第9話
紗優に連れられて来た少女は人形のような子だった。白く透明感のある肌、宝石のように綺麗な瞳。住んでいる世界が違うくらいに綺麗な少女だった。
「ほら、千紗都ちゃん挨拶!」
彼女は紗優の後ろで下を向いたまま挨拶をしようとしない。
「なら先に私が、西門幸ですこれからよろしくねちさとちゃん。」
幸は彼女の顔を覗き込み挨拶をした。
「千紗都ちゃん具合悪いの……?」
「さゆちゃんがいるから大丈夫。」
彼女は紗優のことばだけには返事をした。駄目だとわかっているが私も始めた。
「栄若葉、昨日の電話で話題に出されてた人です。少しでも仲良くしてね。」
そして千紗都は私たちの言葉に始めて言葉を返した。
「私は……あなた達の友達になりたいわけじゃない。」
そう言い残し千紗都は走り去っていった。
「ごめんね若葉ちゃん、幸ちゃん。多分千紗都ちゃん緊張してるだと思う。入学式の時の自己紹介の時も体調を崩して保健室行ってたから…」
「ううん大丈夫だよさゆちゃん。余計仲良くなりたくなってきたから!」
幸のやる気は目に見えるくらい伝わって来る。
「始まった。幸のしつこい友達作り。」
そして私は千紗都の走っていった方を向いた。千紗都のいた場所には一冊のノートが落ちていた。私は興味本位でそのノートを開いた。
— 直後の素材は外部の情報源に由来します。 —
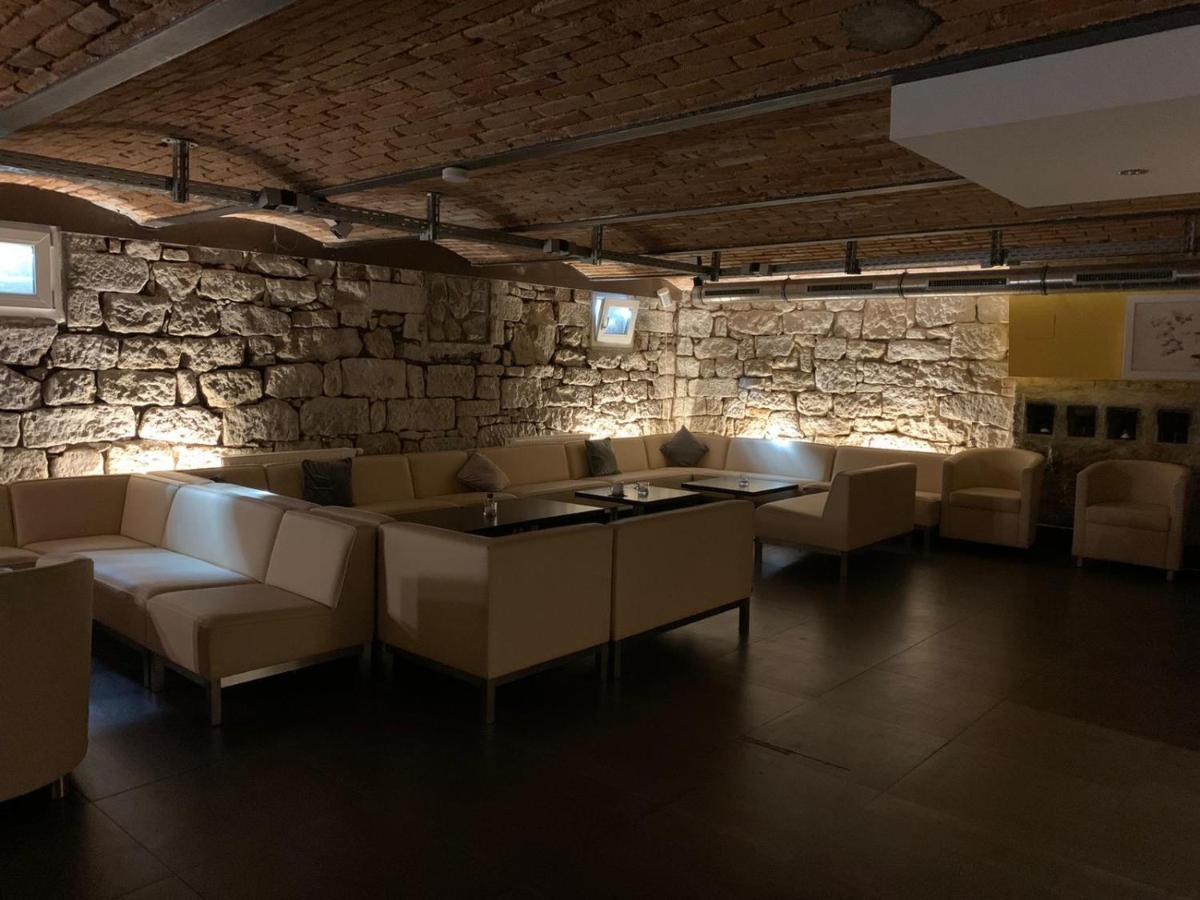 Business - Boardinghouse
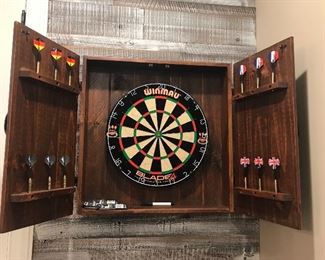 Dart board set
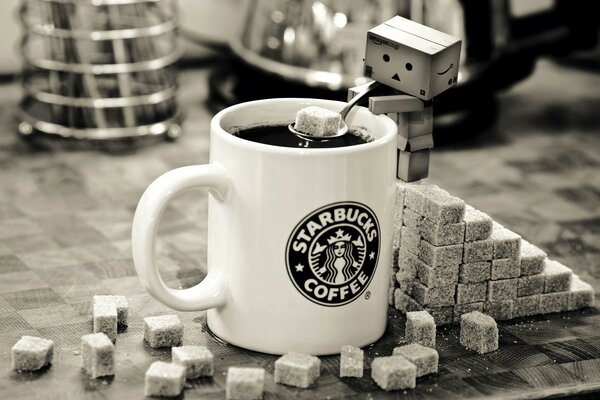 Foto creativa de Starbucks Coffee. Publicidad del café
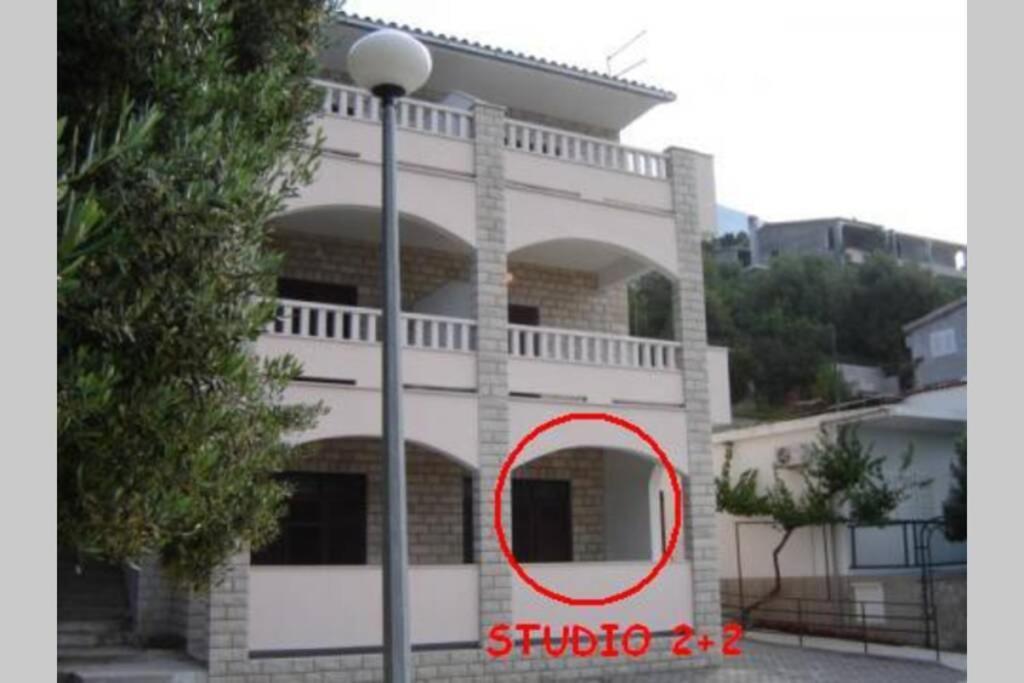 Studio Ground Floor With Terace Брела Екстер'єр фото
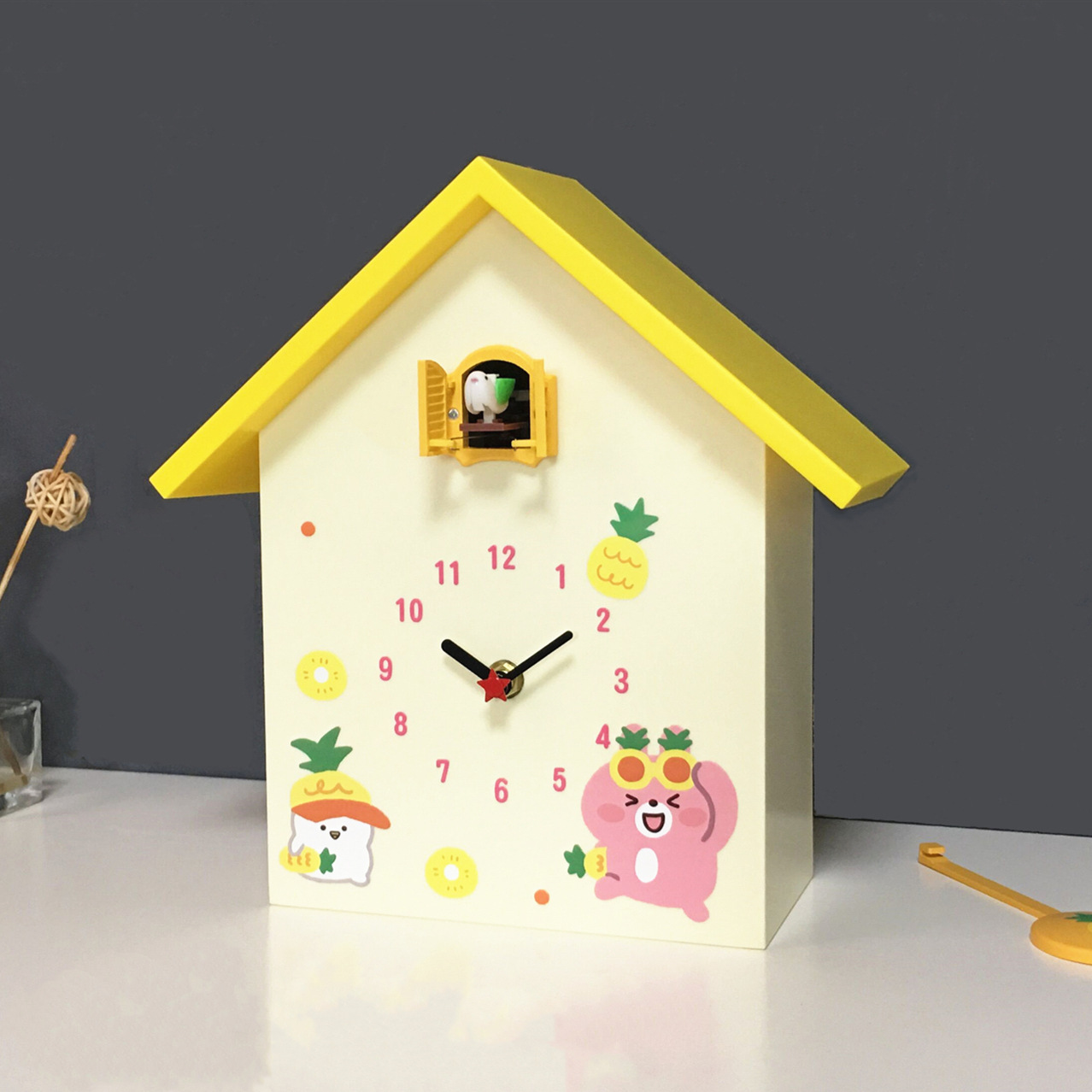 Cuckoo Clock Alarm Clock, Children's Silent Gugu Hanging Watch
お母さんを た。血が止まらない。どうすればいいのかわたしにはわからない。早くしないとお母さんに 。どうしようどうしようどうしようどうしようどうしよう。
千紗都が書いたのだろうかぐちゃぐちゃに書かれている日記。ところどころ文字が消え見えなくなっている。するとわたしの手からノートがとられた。
「ごめん若葉ちゃんこれ千紗都ちゃんのノートだからあんまり見ないであげて。」
さっきまで幸と話していた紗優が困った顔をして私に言ってきた。
「ごめん。紗優から千紗都に返しておいて。見たことは忘れるから。」
私たちは教室に着きホームルームが始まった。
「突然ですが明日校外活動で社会見学に行きます。」
入学して初めての大きな行事ということで私たちは期待に胸を弾ませた。しかしそれはすぐに別の物へと変わった。
「行き先は、奴隷調教施設と奴隷処分場です。このクラスの九割の人が将来奴隷を持つと思います。なので奴隷がどのようにして私たちの元へ来るかを学びに行きます。」
私はこの校外学習で何か良くないことが起こる気がした。